I am 100% fascinated by this post by Jay Ulfelder on using text mining to code regime type. I love how it allows us to think concretely about fuzzy classifications, and to be explicit about uncertainty. If I had to guess, I’d say that this is the future of regime coding.
I was also a bit dismayed to see that some of my favorite countries score lower on a likelihood-of-democracy score than I would like.

What could explain why? Well, the one thing that we depend on in such exercises is an unbiased (or at least “randomly” biased) source of text. And it could be that there are features of countries that lead sources to discuss them differently. Let’s take an example: the killing of an unarmed black man by a police officer will almost certainly not affect the way that Freedom House discusses the United States. However, a police killing of an unarmed man in a country like Indonesia may affect the way that Freedom House discusses Indonesia. Same with violence against Sikhs in the U.S. versus violence against Christians, Ahmadis, and Shia in Indonesia. The list goes on.

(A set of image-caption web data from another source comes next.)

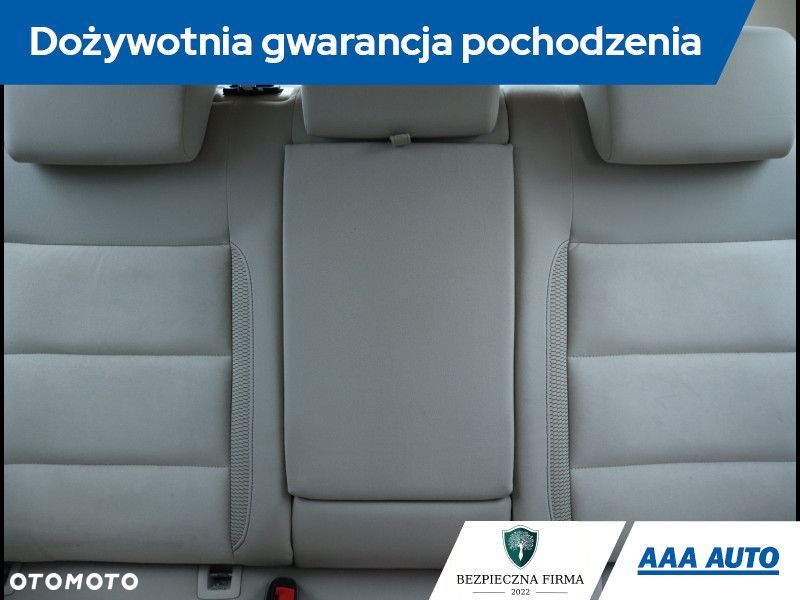 Volkswagen Golf - 12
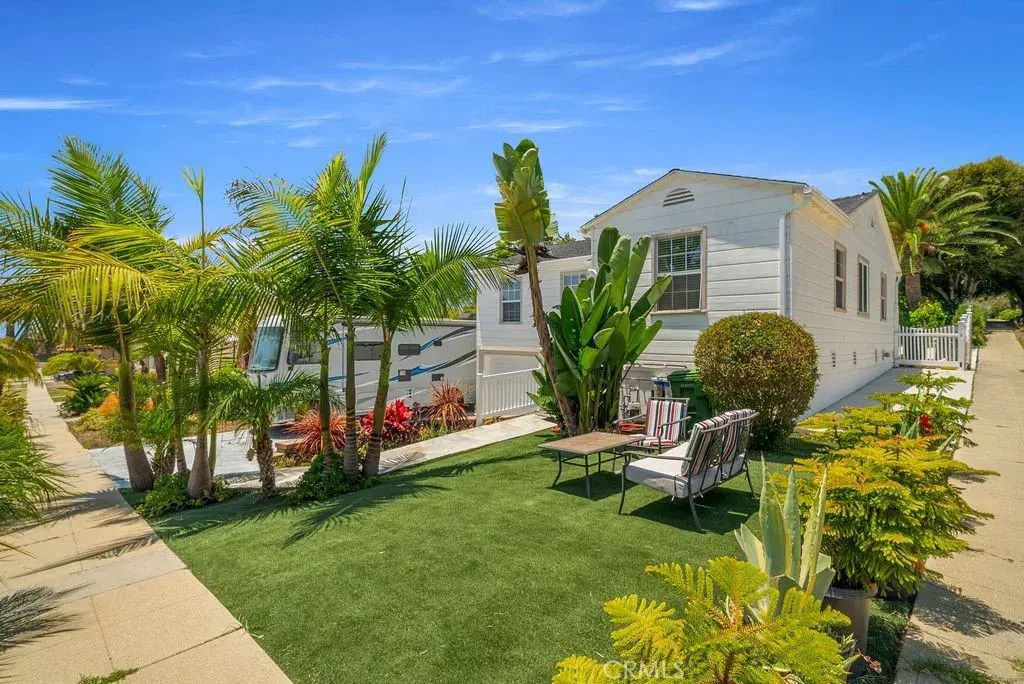 3703 S Patton Avenue, San Pedro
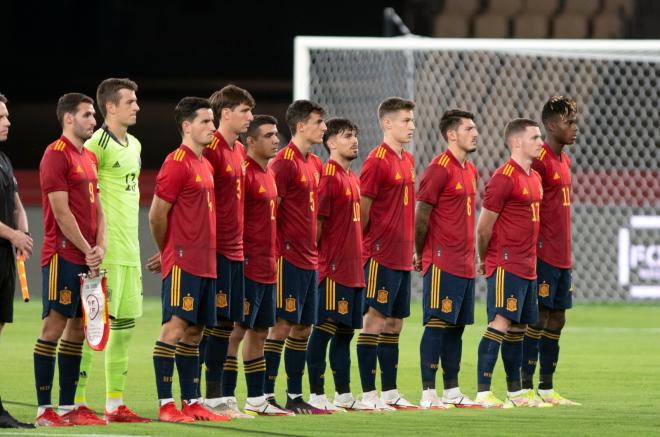 Los titulares de la selección española sub 21 frente a Eslovaquia (Foto: Kiko Hurtado).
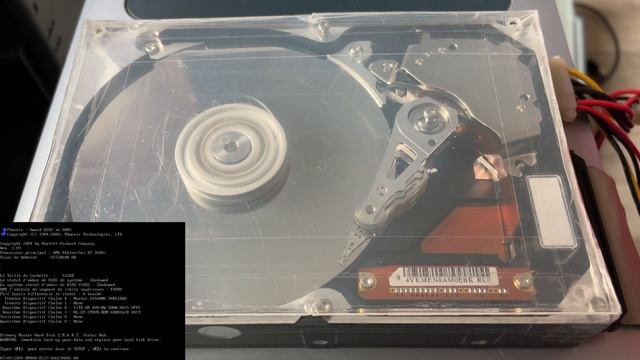 Maxtor DiamondMax Plus 9 6Y160P0 hard drive sounds & Inside view смотреть онлайн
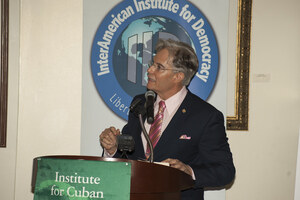 Julio M Shiling 5 presentador Dictaduras y sus paradigmas I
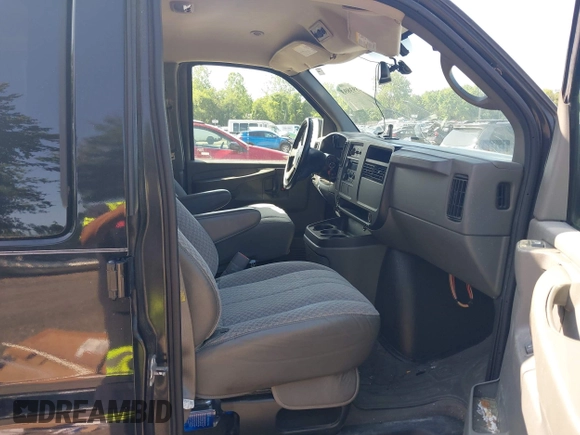2005 Chevrolet Express Passenger z VIN 1GNFG15T751169844, wystawiony jako IAAI lot #42393893 z przebiegiem 226 673 mil mil oraz . Historia ofert i sprzedaży dostępna na DreamBid. Obrazek 5.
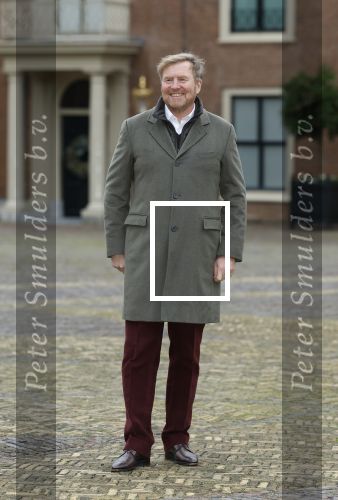 Den Haag 22 december 2023
Fotouurtje met Koning Willem Alexander Koningin Maxima Prinses Amalia Prinses Alexia Prinses Ariane en hun hondje Mambo bij Huis ten Bosch .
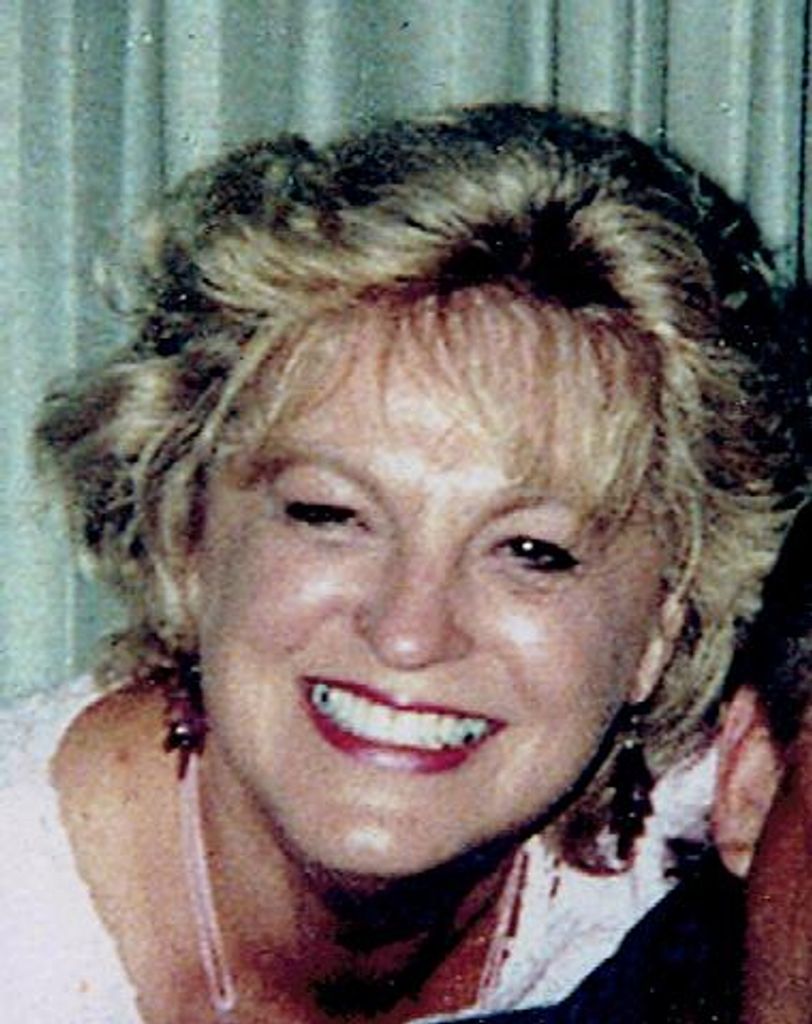 Mary M. (Hayostek)  Lucas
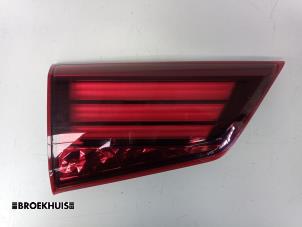Gebruikte Achterlicht links Mitsubishi Outlander (GF/GG) 2.0 16V PHEV 4x4 Prijs € 200,00 Margeregeling aangeboden door Autobedrijf Broekhuis B.V.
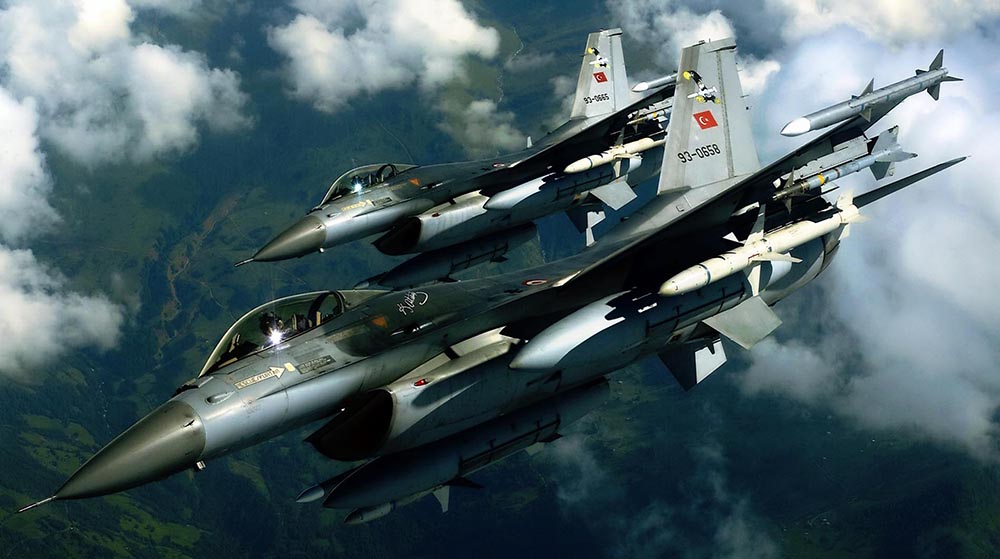 Turkish Air Force Hits PKK Positions in Northern Iraq: 30 Militants Killed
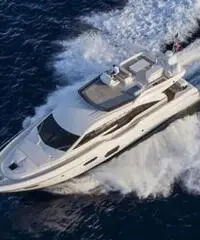 FERRETTI 690 FERRETTI 690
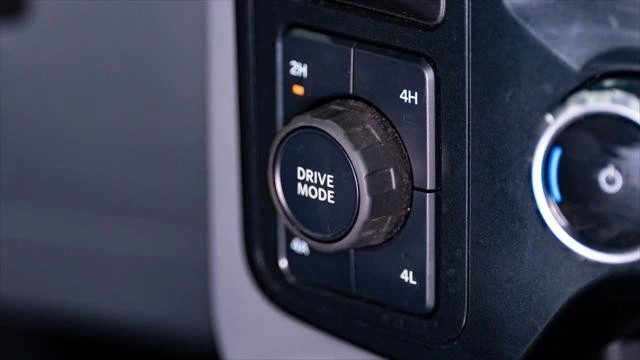 2025 Ford F-150 14th Gen - Image 19 of 23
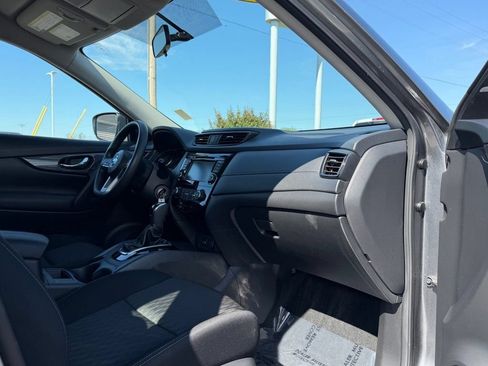 Used 2018 Nissan Rogue S FWD image 22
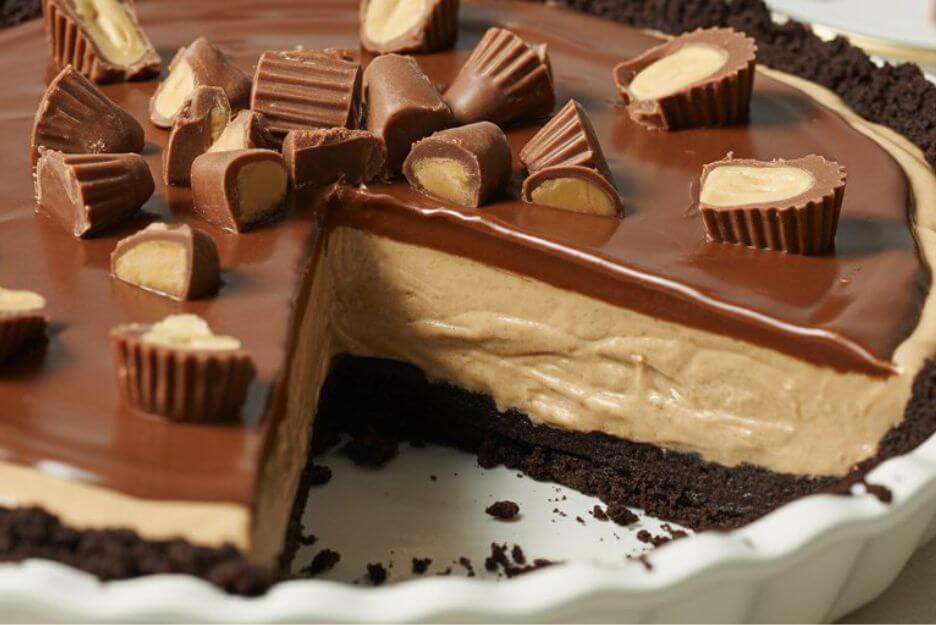 dish of Peanut Butter Chocolate Pie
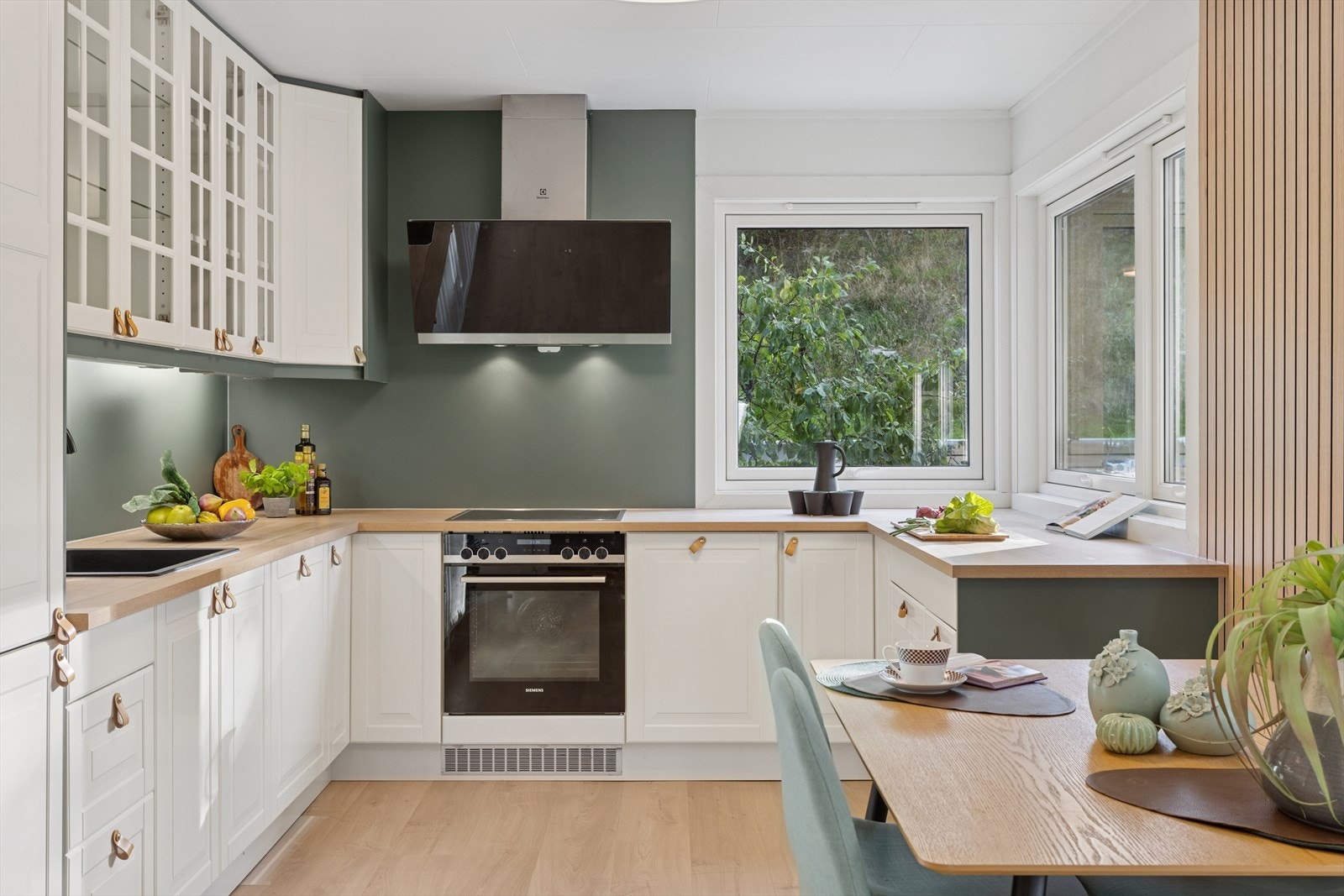 Det er godt med skap- og benkeplass. Galleribilde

Now, this need not undermine the exercise. My guess is one could model the differences in the way that the underlying texts represent political conditions in the countries that they cover using a rich set of observables. If we hypothesize that the sources talk about rich countries differently, they talk about Muslim countries differently, and they talk about countries with histories of authoritarianism differently (so that the authoritarian histories have “slow decays”), then perhaps that could be used as input to the classification algorithm. I don’t have access to the Ulfelder, Schrodt, and Ward paper, but I wonder if they’ve explored such issues.
One thing is for sure: I wish I could raise these questions myself at their presentation. Unfortunately, I am a discussant on a panel at the same time, at the always popular 8AM slot. So, I look forward to reading more.